発刊にあたって

 既に20年前、中込商店街百年の大計のもとに取り組んだ「区画整理事業に併せての街づくり」構想は幾多の曲折を経ながらも8年の歳月と32億の巨費を投じて昭和59年3月には完成を見ることができた。
 しかし、その過程は決して平坦なものではなかった.組合員の汗と涙、苦汁をなめながらの連続で"何処まで続くぬかるみぞ"という心境であった。
 「批判する人は多いが、実践する人は少ない」と言われるとおり、我々が心血を注いでつくり上げた街づくりであったとは言え、問題点は沢山あることも事実であり、批判されるところも多いと思う。
 しかし、これだけの「街づくり」を成し遂げた近代化事業は全国的にも余り類例を見ない。今さらながら協同のカの偉大さを実感している.
 街としての基盤はできたとはいえ、昨今の経済情勢や社会情勢は大きな転換期を迎え、商店街をを取りり巻く環境は一段と厳しさを増してきている。
特に、佐久平は高速交通網時代を目前にひかえ大きく変貌しようとしている。それだけにその対応策は急務であるといわざるを得ない。
 このような時に、近代化計画発想当時から実現に至るまでの経過と対応などを集約して本書にまとめ、発刊のはこびとなったことは、誠に意義深く、喜ばしい限りである。
 本書は中込商店街近代化事業の記録としての意義を持っていると同時に「成せば成る」ということを教えているよき指導書でもあると思う。
 行間から往時の方々の労苦を読み取り、今後の商店街活性化の糧にして項きたい。
 最後に、この近代化事業に係わった行政関係機関の皆様並びに組合役職員の方々、さらには本書執筆に当った高地専務に改めて敬意と感謝を申しあげる次第である。
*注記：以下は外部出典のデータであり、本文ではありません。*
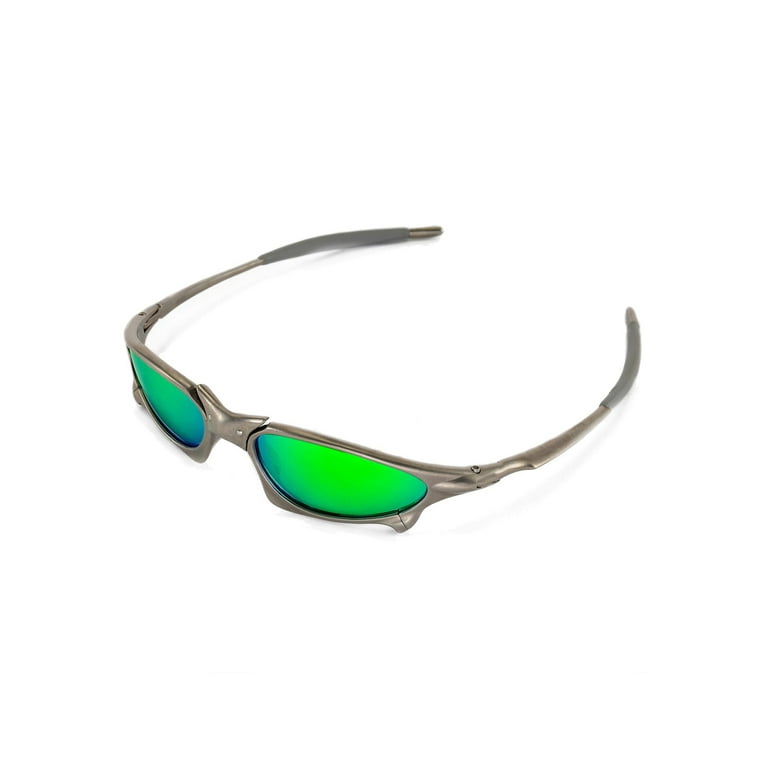 Walleva Emerald Polarized Replacement Lenses for Oakley Penny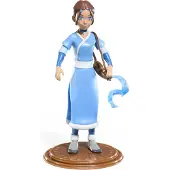 Noble Collection Avatar The Last Airbender Bendyfigs Böjbar Figur Katara 18 Cm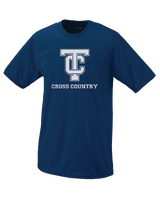 Turlock Christian HS XC Logo - Performance T-Shirt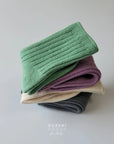 Little Foxx – Macaron Ribbed Sock Set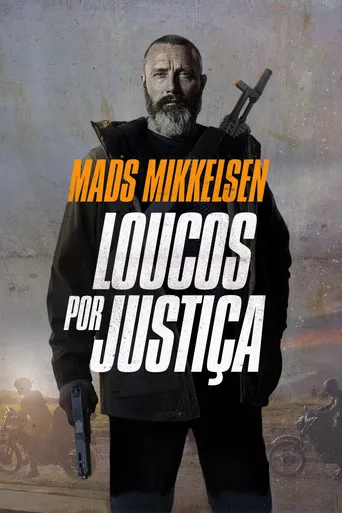 Pôster de Loucos por Justiça (2020)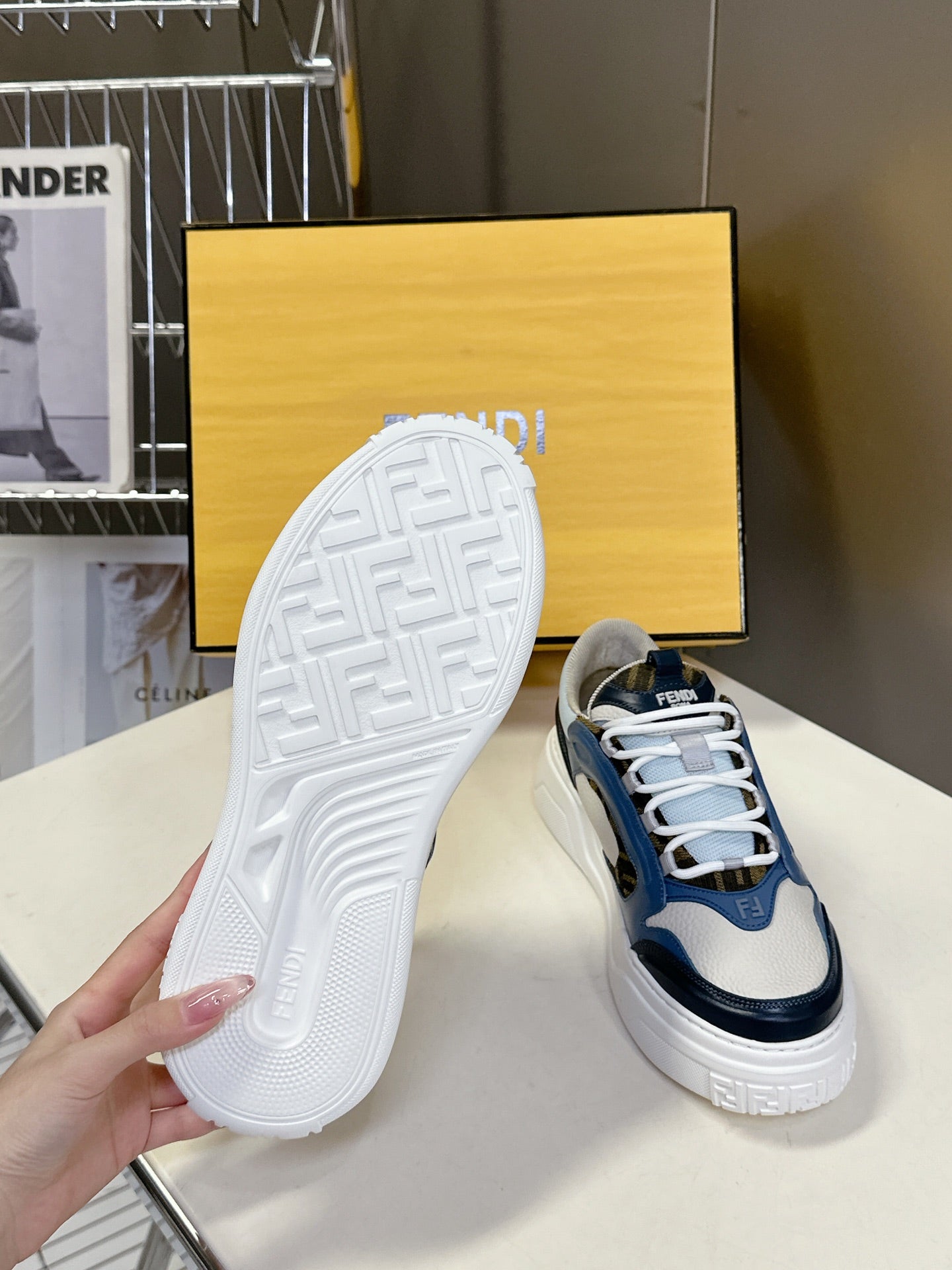 LuxluxHouse Best Quality Fendi Women Shoes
                      中込商店街協同組合    
                      初代理事長 市 川 邦 男


まえがき

 中込の橋場で「商い」の道を歩む同志104名が、商店街近代化事業に取り組むため、中込商店街協同組合を発足させたのが昭和50年2月であった。
 区画整理事業に併せての街づくり、しかも「新しいところへ新い街をつくりなおす」という全国的にあまり類例のないような事業であっただけに長い年月もかかったし困難も多かった。
 暗中模索、試行錯誤を繰り返しながらも、あらゆる困難と障害に挑戦し、これ等をひとつひとつ解決しての街づくりであった。
 行政機関の指導や助言、あるいは協力があったとはいえ、まさに「月へ行くよりもむずかしい」と言われた言葉どおりで、当時の役職員の方々の労苦は並大抵のものではなかったと言える。
 そんな中での商店街近代化事業も、その内容については新聞やテレビ、雑誌などで断片的には数多くく紹介さてれている。しかし、全体をまとめての記録はひとつも残されていない。誰かが何等かの形で記録として残しておかなければ、先人の苦労は水の泡になってしまうし経過も分からなくなってしまう。そしていつか忘れられてしまう。"誰かが"という声は前々から組合内部からも、また関係行政機関からも強く望まれていた。
 そこで、遅ればせながら私が厚顔をかえりみず、その掌に当たることになった。もちろん浅学非才で、その任でないことは十分承知のうえで、ひとつの記録を残すという意味から筆を執った次第である。
 なお本書は、あくまでも「中込商店街協同組合」当時の概要をまとめたものであり、平成元年5月に「中込商店会協同組合」に改組されてからの経過については記述を省略してあるので了とされたい。